Mobile branch visits campus
October 2, 2006 —
To combat consistent low voter turnout from the college student demographic, the Michigan Secretary of State parked a mobile branch office in the center of campus Monday. The aim was to make it convenient for students to register to vote and perform other functions that are normally only available at a permanent office.
According to Office Supervisor David Dodds, the Secretary of State mobile office visits a number of schools besides SVSU. The office is scheduled to visit 13 universities in Michigan with the hopes of registering 115 to 130 students at each stop.
The actual process of registering people to vote - which, according to Dodds, is the primary service of the mobile office - is simple. One must provide a valid picture ID and sign a few forms.

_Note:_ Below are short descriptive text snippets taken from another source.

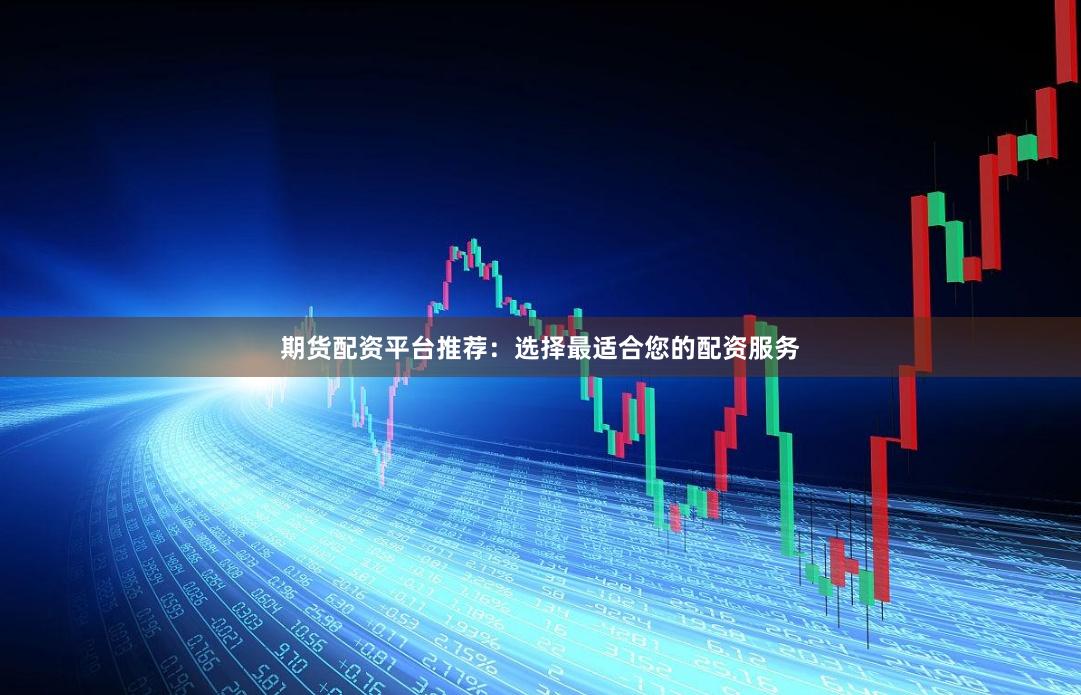 期貨配資平臺推薦：選擇最適合您的配資服務
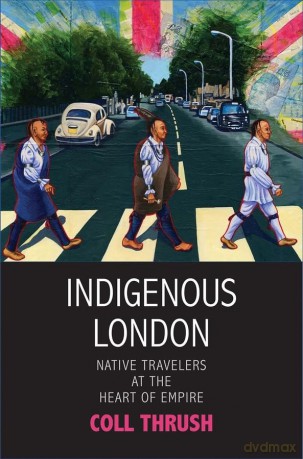 Indigenous London: Native Travelers at the Heart of Empire (The Henry Roe Cloud Series on American Indians and Modernity) - Coll Thrush [KSIĄŻKA]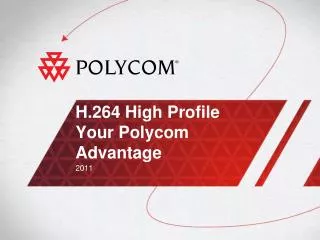 H.264 High Profile Your Polycom Advantage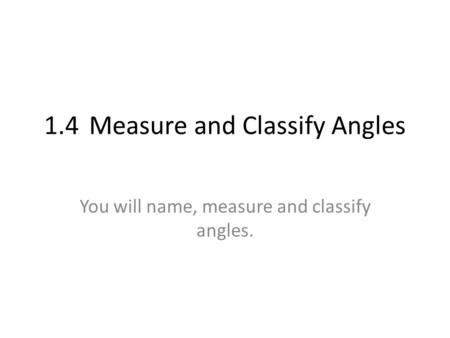 1.4 Measure and Classify Angles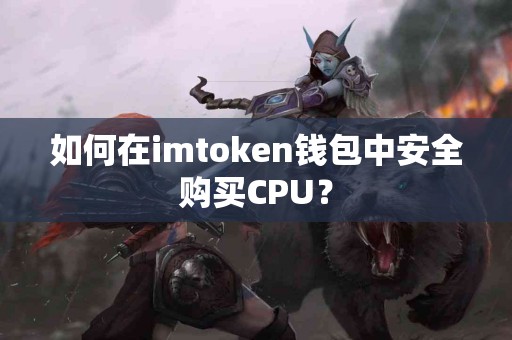 如何在imtoken钱包中安全购买CPU？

The whole process takes about five minutes.
A number of students took advantage of the mobile service, generally citing short and practical reasons for registering.

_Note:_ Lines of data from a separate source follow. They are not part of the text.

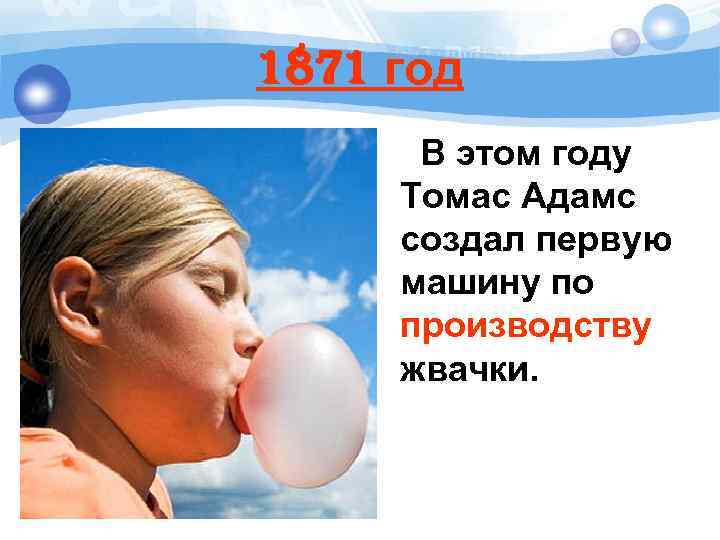 1871 год В этом году Томас Адамс создал первую машину по производству жвачки. 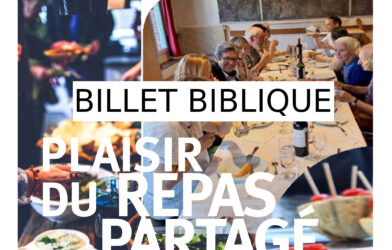 ENSEMBLE N°49 Billet biblique Plaisir du repas partagé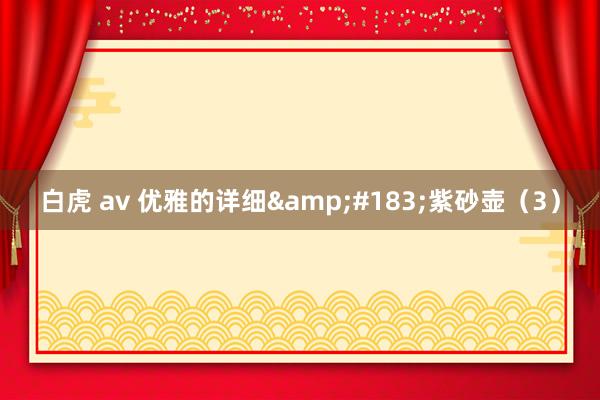 白虎 av 优雅的详细&#183;紫砂壶（3）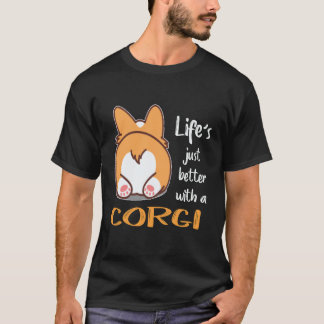 5 Life's Just Better With A Corgi T-Shirt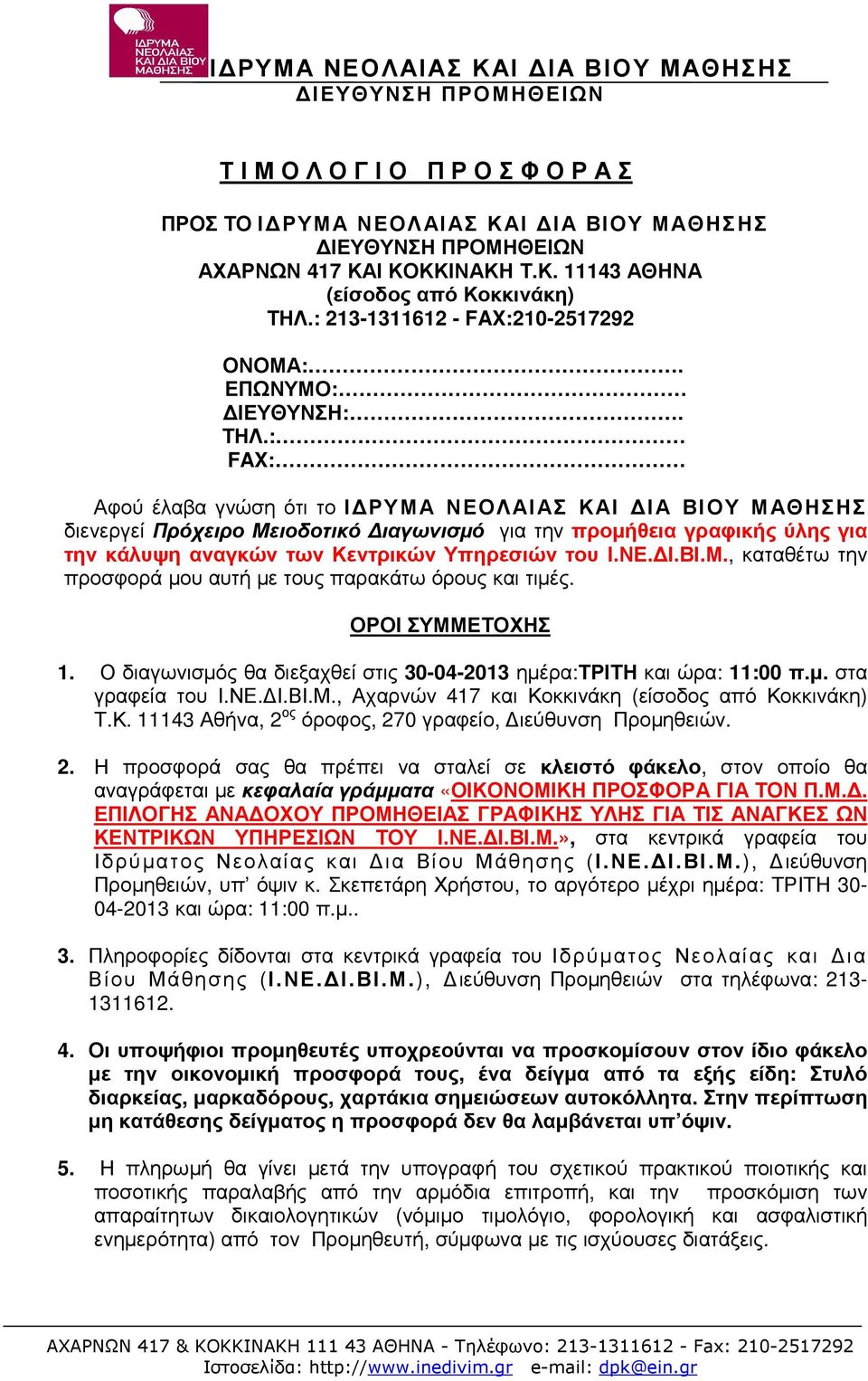 : FAX: Αφού έλαβα γνώση ότι το Ι ΡΥΜΑ ΝΕΟΛΑΙΑΣ ΚΑΙ ΙΑ ΒΙΟΥ ΜΑΘΗΣΗΣ διενεργεί Πρόχειρο Μειοδοτικό ιαγωνισµό για την προµήθεια γραφικής ύλης για την κάλυψη αναγκών των Κεντρικών Υπηρεσιών του Ι.ΝΕ. Ι.ΒΙ.Μ., καταθέτω την προσφορά µου αυτή µε τους παρακάτω όρους και τιµές.
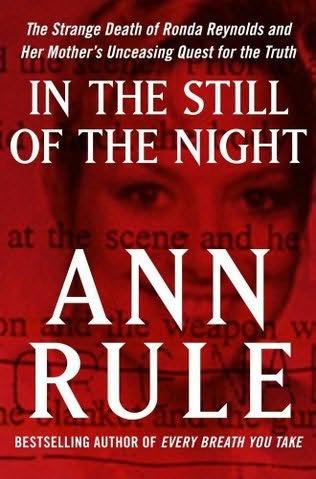 In the Still of the Night: The Strange Death of Ronda Reynolds and Her Mother's Unceasing Quest for the Truth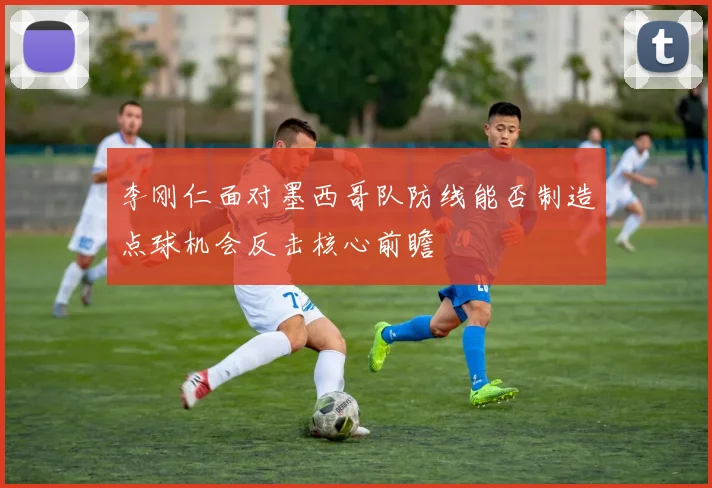 李刚仁面对墨西哥队防线能否制造点球机会反击核心前瞻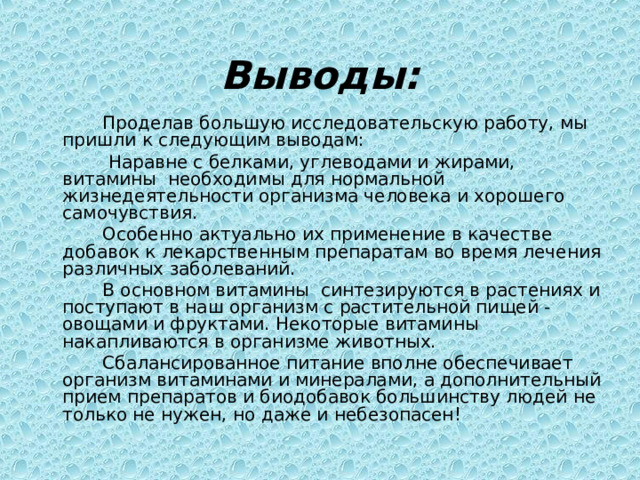 Выводы:   Проделав большую исследовательскую работу, мы пришли к следующим выводам:    Наравне с белками, углеводами и жирами, витамины необходимы для нормальной жизнедеятельности организма человека и хорошего самочувствия.   Особенно актуально их применение в качестве добавок к лекарственным препаратам во время лечения различных заболеваний.   В основном витамины синтезируются в растениях и поступают в наш организм с растительной пищей - овощами и фруктами. Некоторые витамины накапливаются в организме животных.   Cбалансированное питание вполне обеспечивает организм витаминами и минералами, а дополнительный прием препаратов и биодобавок большинству людей не только не нужен, но даже и небезопасен! 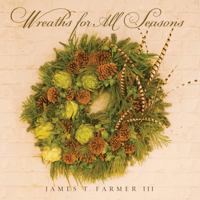 Wreaths for All Seasons 1423624874 Book Cover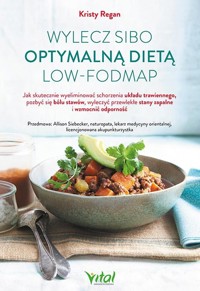 Wylecz SIBO optymalną dietą LOW-FODMAP - Kristy Regan - książka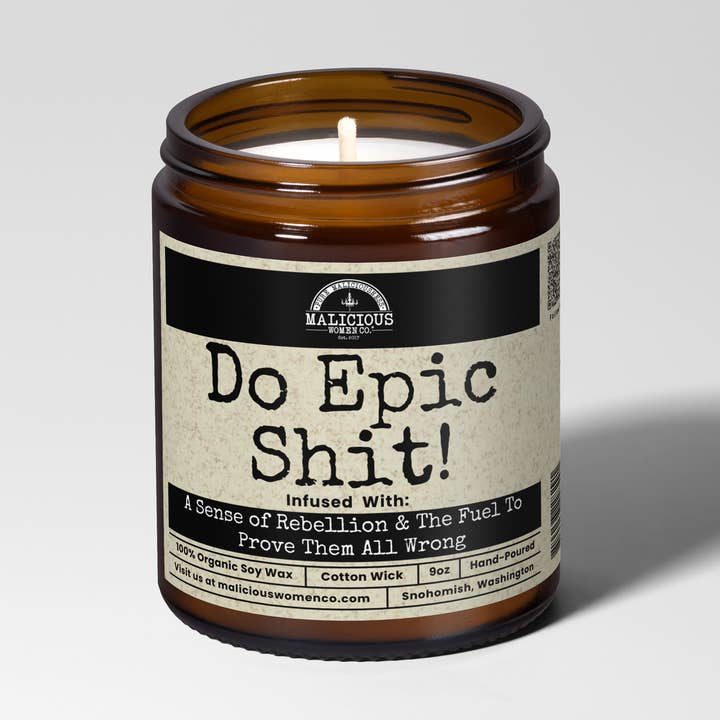Malicious Women Candle Co - Wholesale Jar/Filled Candle - Do Epic Shit 9oz Funny Candle Malicious Women Co0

"It was pretty easy," said freshman David Henderson, while sophomore Ashley Wiseman said, "It saved me a trip downtown."
While the mobile branch is a convenience to students, it is also a signifier of how much the Secretary of State and the state government value the student vote.
Several students commented on how they felt about their right, including freshman Cheryl Mapes, who said, "I think people don't appreciate it enough. There are not enough people that do vote, or even care enough to get up and register to vote."
Political science adjunct Adam Bruski also weighed in, mentioning that the student vote may mean even more in a gubernatorial election.
"What happens at state government," Bruski said, "is in a lot of ways more important than what happens at federal government."
Bruski also suggested that, while all political elections are more or less a "numbers game," state elections deal with far fewer voters than do national elections, so the individual vote matters more.
And while the campaign advertisements of both the DeVos and Granholm campaigns have not specifically targeted the student vote yet, things may change as the election season winds down.
"Sometimes, I think that candidates think the attention span of a college student is relatively short, so they do a last minute blitz with t-shirts and free swag," Bruski joked. "Hopefully, they will focus on it.”